O Norte de Portugal diz-se católico. Sê-lo-á, efectivamente? Veja-se a adesão das gentes nortenhas a programas televisivos onde impera a falta de moral até cívica e de bons costumes, tais como os de um certo humor super duvidoso e de reclusão forçada em «casas», «quintas» e «quartéis»! Veja-se a proliferação de bares de alterne por vilas até há 30 anos pacatas e recatadas! Onde está a influência do clero católico nessas famílias nortenhas? Desapareceu. Aliás, olhadas bem de perto, todas as actuais manifestações populares de prática da religião católica apostólica romana aquela que supostamente é maioritária no nosso país não passam de simbolismos sem sentido, até para aqueles que nelas participam. Os exageros públicos tais como o cumprimento de dolorosas promessas são o fruto de uma crendice que não se extirpa por decreto, mas tão só através de um paulatino trabalho de luta contra o obscurantismo levado a cabo por professores esclarecidos. Deixem estar os crucifixos, mas eduquem os mestres. Assim, estou convicto de que, com exclusão de núcleos muito bem definidos e identificados, acaba desaparecendo a já fraca influência obscurantista do clero. O que resta, agora, são reminiscências infundamentadas de uma religiosidade passada. Quanto às crendices menores «adoração» de imagens, peregrinações e procissões não merecem a perda de tempo em combatê-las, porque ou se tornam em meros adornos folclóricos ou deixam de existir com o rodar dos anos.
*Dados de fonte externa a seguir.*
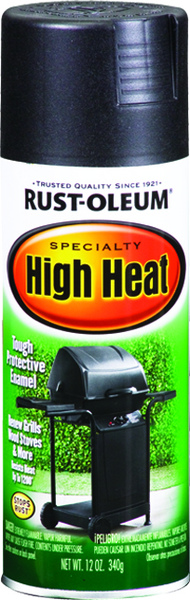 Rust-Oleum 7778-830 High Heat Spray Paint, Satin, Barbecue Black, 12 oz, Aerosol Can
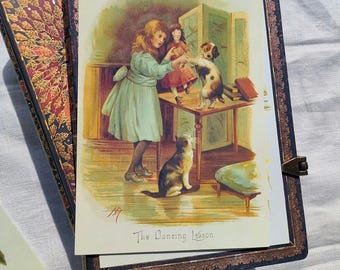 Cartão postal vintage com reprodução de gato e cachorro, gatinho antigo, papel de correio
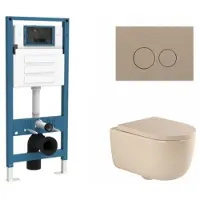 Qeramiq Dely Swirl Toiletset - inbouwreservoir Flush - 35mm zitting - kunststof taupe bedieningsplaat - ronde knoppen - beige SW1026259/SW1448813/SW1000771/SW1102378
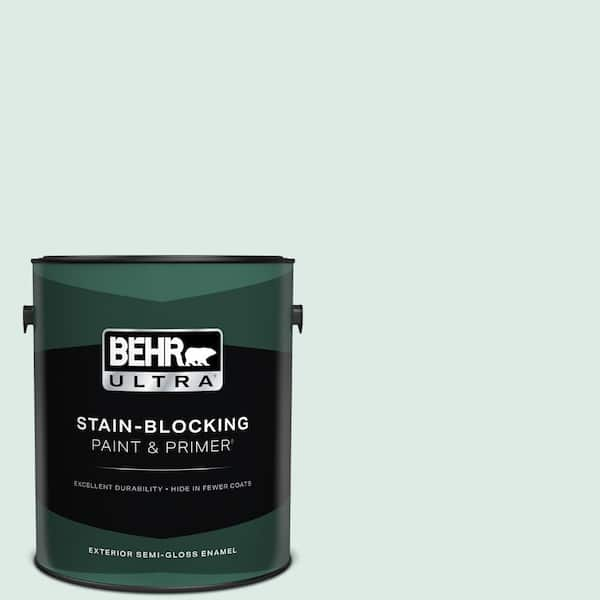 BEHR ULTRA 1 gal. #M430-1 Snowbound Semi-Gloss Enamel Exterior Paint & Primer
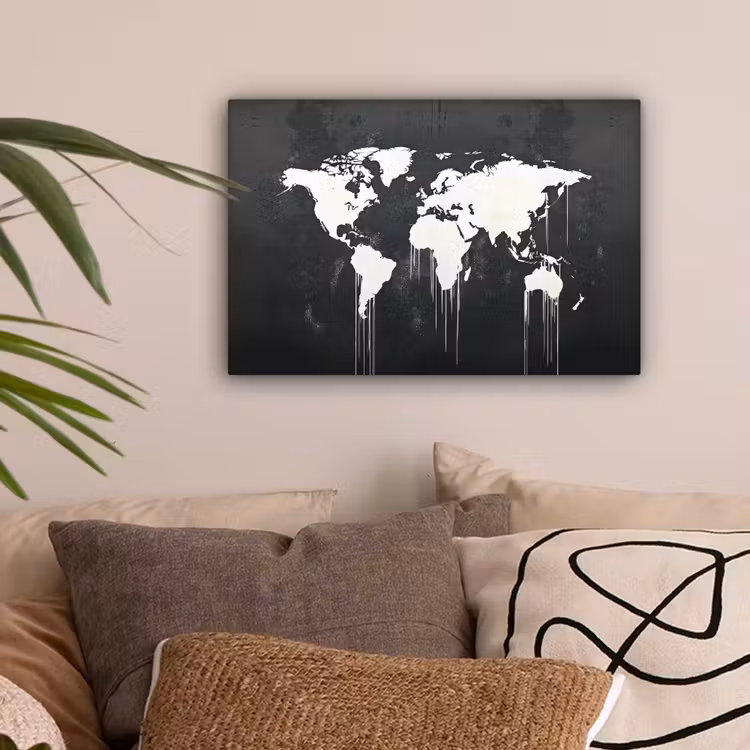 Wereldkaart - Verf - Wit canvas 2cm klein -sfeer1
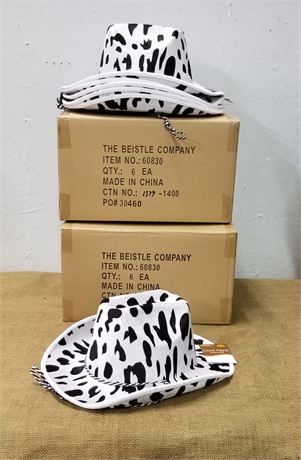 New in Box Cow Print Hats - 12pcs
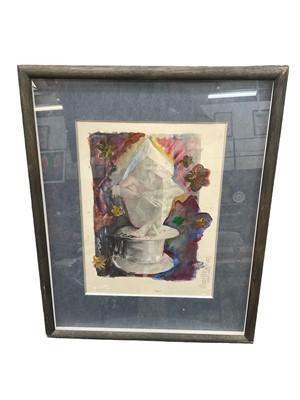 Lot 174 - Contemporary School, mixed media seated figure and two other framed pictures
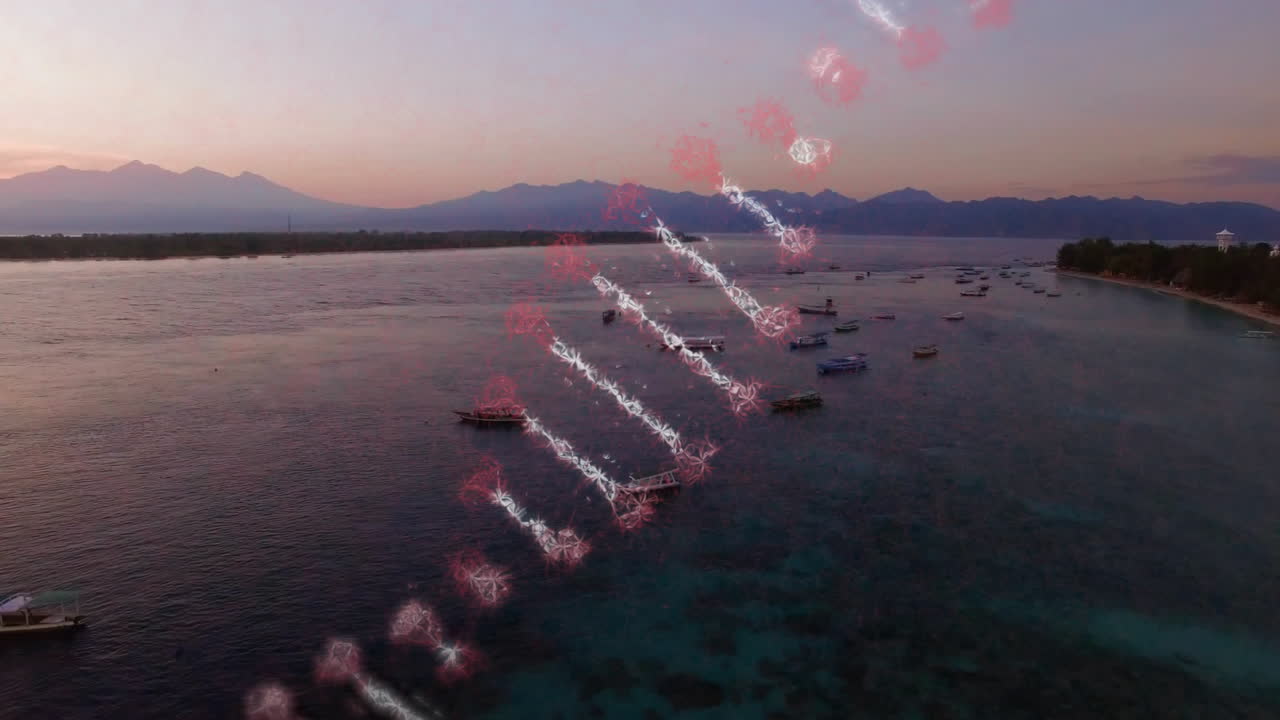 선박과 함께 평온한 바다 풍경에 대한 dna 스트랜드 애니메이션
Nos recuados tempos da cristianização da Europa, a Igreja foi bem mais inteligente, porque, ao invés de contrariar práticas pagãs, associou aos locais de peregrinação os seus templos, encaminhando os bárbaros hábitos para devoções católicas. A mutação foi «indolor».
À Associação Cívica República e Laicidade compete alertar para os desvios existentes e aceites pelo Estado e, neste caso, pelo Governo. No entanto, a este último cabe definir caminhos a seguir de modo a não tornar instável o que até aqui estava estabilizado. O jogo da tolerância, tem de ser inteligentemente jogado, porque a flexibilidade, naquilo que não é fundamental, demonstra sentido de Estado.